Should the entries contain pictures, leave them out and return exactly the lines from the first through the line holding "What's up everybody, this".
[[ MATERIAL PROVIDED open ]]
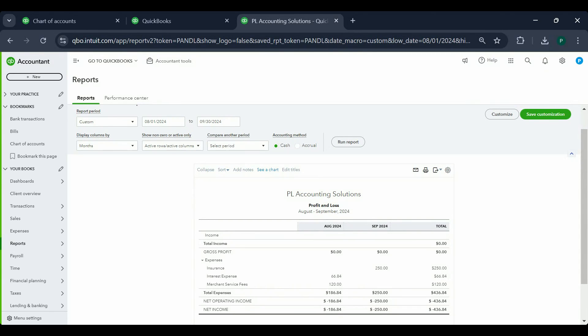That's all about vendor bill versus expense. If you have any questions or comments, do let me know. This is how you would go about recording vendor bill versus expense. Thank you and happy accounting.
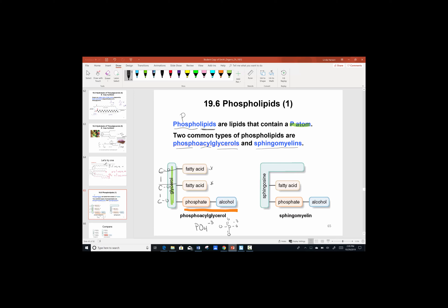The phosphate leads out to an alcohol — an OH group. What makes a phosphoacylglycerol different from the fatty acids we studied before is this third attachment involving the phosphate linkage. Comparing that to a sphingomyelin: no longer do we have glycerol as the backbone. Instead, sphingomyelin uses sphingosine as its backbone. We still have one fatty acid and the same phosphate-alcohol group in the third bonding position.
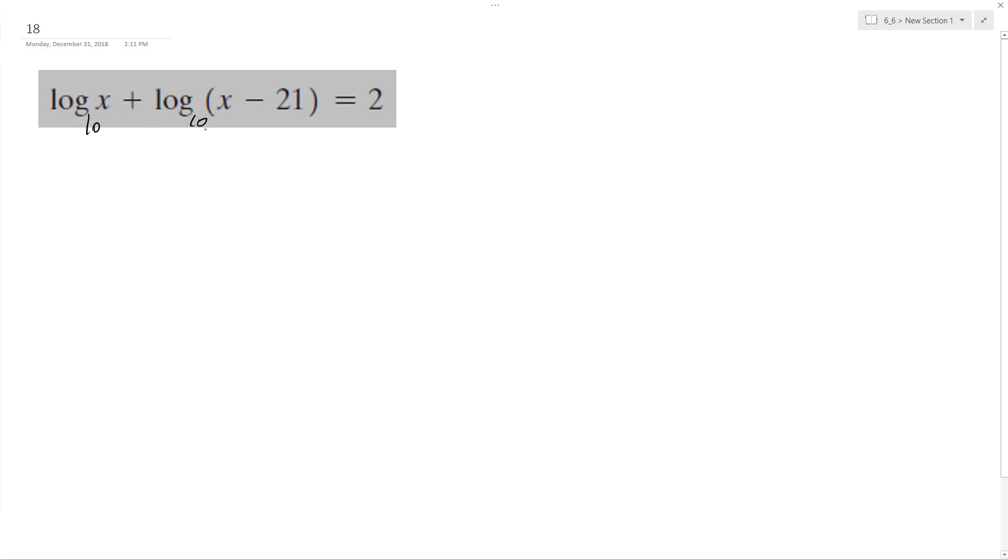Okay, so combining these, I get log base 10. And since we're adding exponents, you multiply them together. So we get x squared minus 21x equals 2.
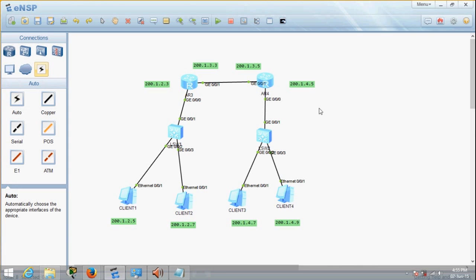What's up everybody, this is Kev again from Geeking is Fun. In this video, I'll be doing routing using Huawei's ENSP. This is the second video in my basic networking video series.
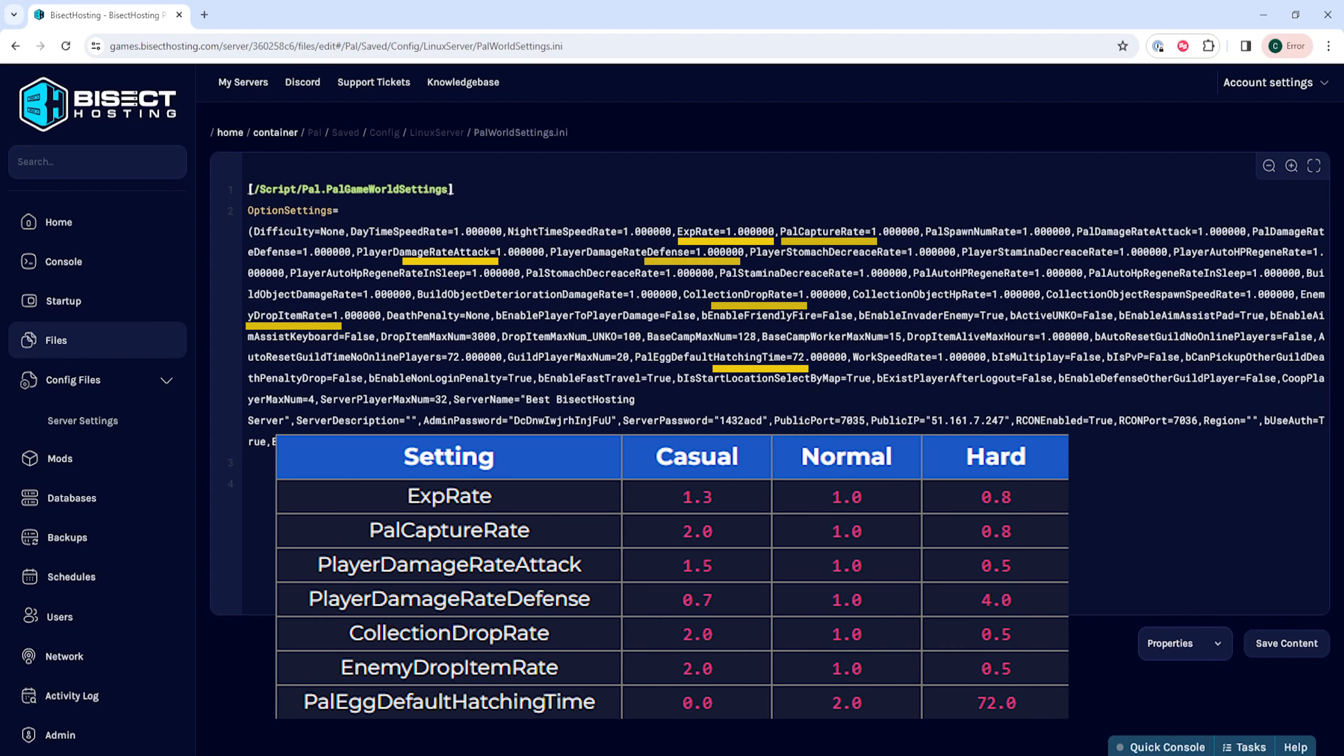On screen are all of the settings that you can change highlighted in the document as well as all of the settings that you can change them to. Please keep in mind servers function on custom difficulty settings so do not edit the difficulty equals setting as it may cause issues.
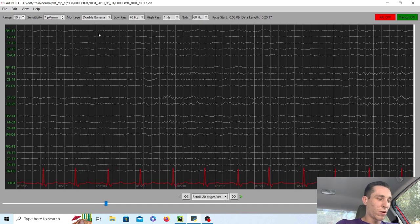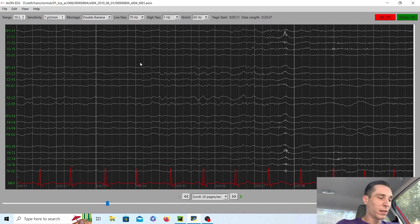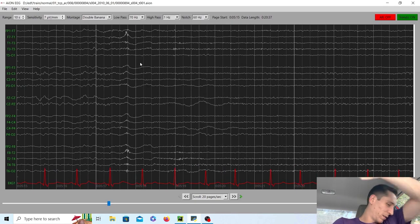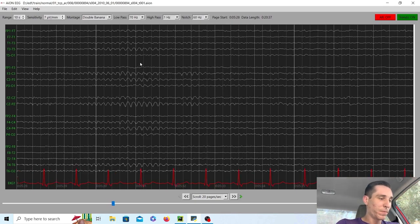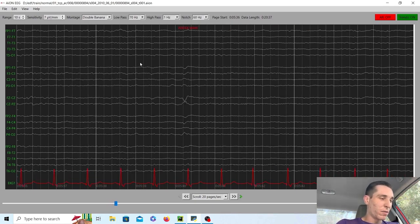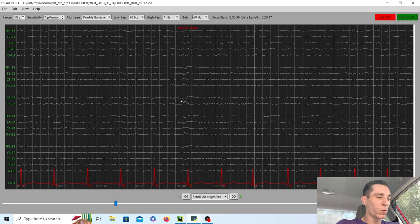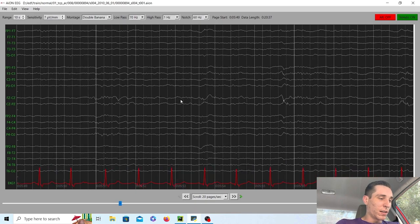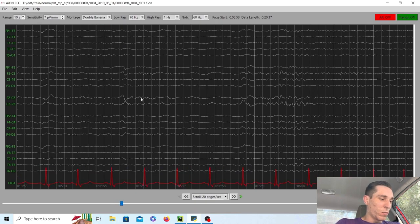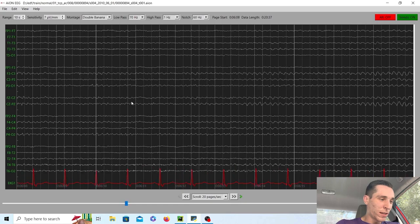So they're probably starting to get sleepy here. And the background is kind of like waxing and waning. It's kind of going away and you're starting to see these vertex waves appear more often. More vertex waves as we scroll on.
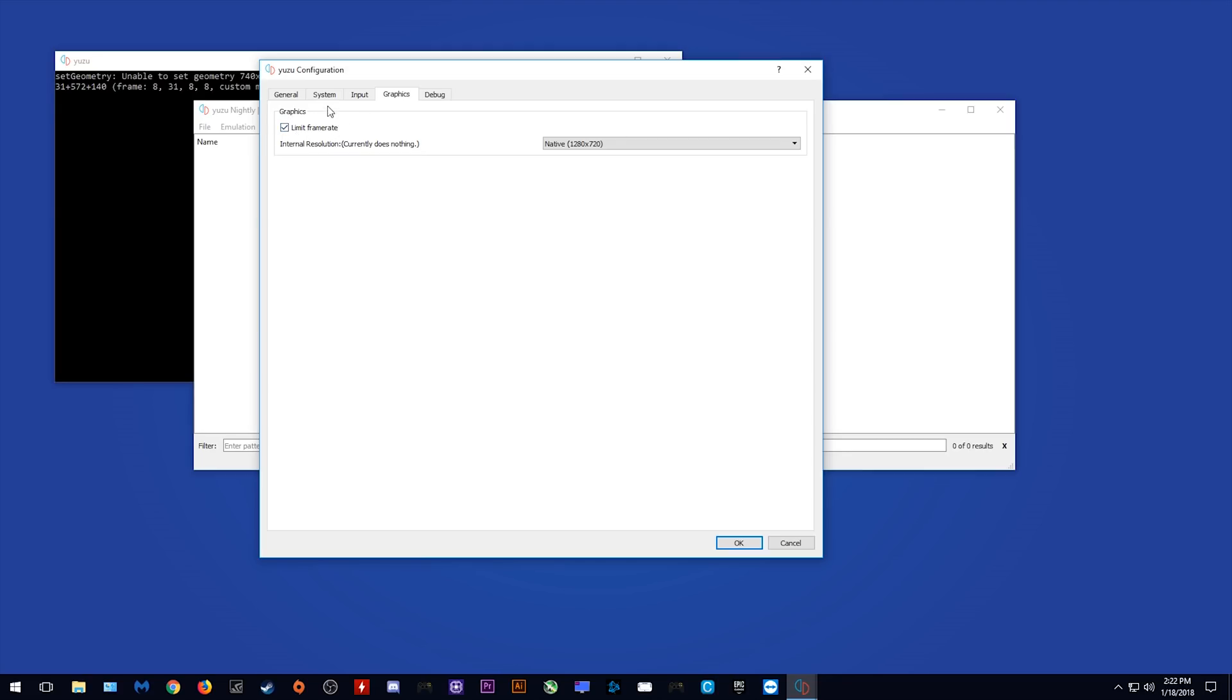Limit frame rate options, this is either going to be 30 or 60 I'm guessing. I'm not sure exactly how this is going to work. Yeah, it's very basic for now, as you would expect with the very first build of an emulator like this that's still in super experimental phase.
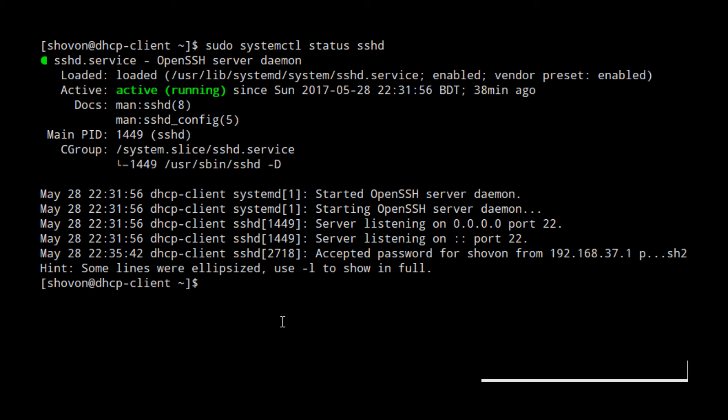If it's not running on your system, you can start SSH server with sudo systemctl start sshd.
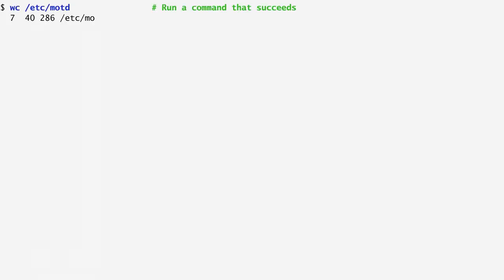Let's first run a command that succeeds. I simply count and print the lines, words and characters of the file /etc/motd. We can see the result of this invocation, whether it was successful or not, through the exit status which is stored in the question mark variable. By echoing the value of this variable, preceding it as always with a dollar sign, we get a value of 0, which by convention denotes that the command terminated successfully.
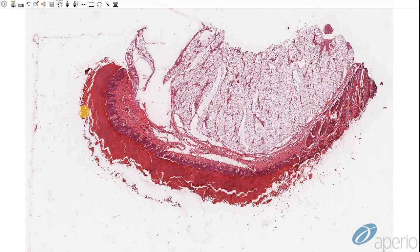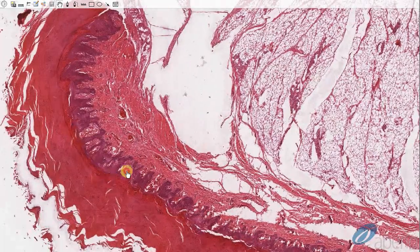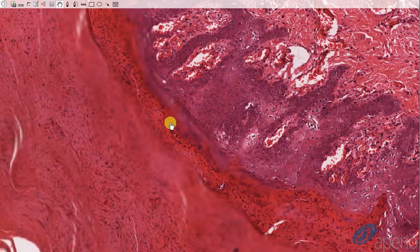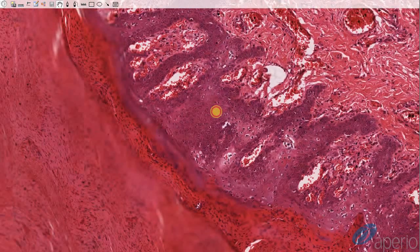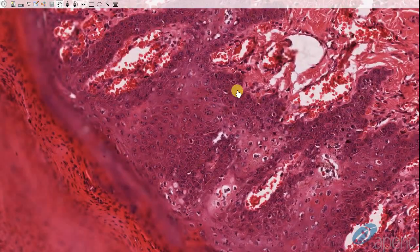At low magnification, we see that diffusely affecting the footpad is a marked area of hyperkeratosis. At higher magnification, we can see that the hyperkeratosis is the parakeratotic type, meaning the keratin layer contains retained nuclei. This is as opposed to orthokeratotic hyperkeratosis, in which the keratin layer does not contain nuclei. The epidermis is acanthotic, meaning it is proliferative.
[[ MATERIAL PROVIDED closed ]]
(FINISHED TASK):
That's all about vendor bill versus expense. If you have any questions or comments, do let me know. This is how you would go about recording vendor bill versus expense. Thank you and happy accounting.
The phosphate leads out to an alcohol — an OH group. What makes a phosphoacylglycerol different from the fatty acids we studied before is this third attachment involving the phosphate linkage. Comparing that to a sphingomyelin: no longer do we have glycerol as the backbone. Instead, sphingomyelin uses sphingosine as its backbone. We still have one fatty acid and the same phosphate-alcohol group in the third bonding position.
Okay, so combining these, I get log base 10. And since we're adding exponents, you multiply them together. So we get x squared minus 21x equals 2.
What's up everybody, this is Kev again from Geeking is Fun. In this video, I'll be doing routing using Huawei's ENSP. This is the second video in my basic networking video series.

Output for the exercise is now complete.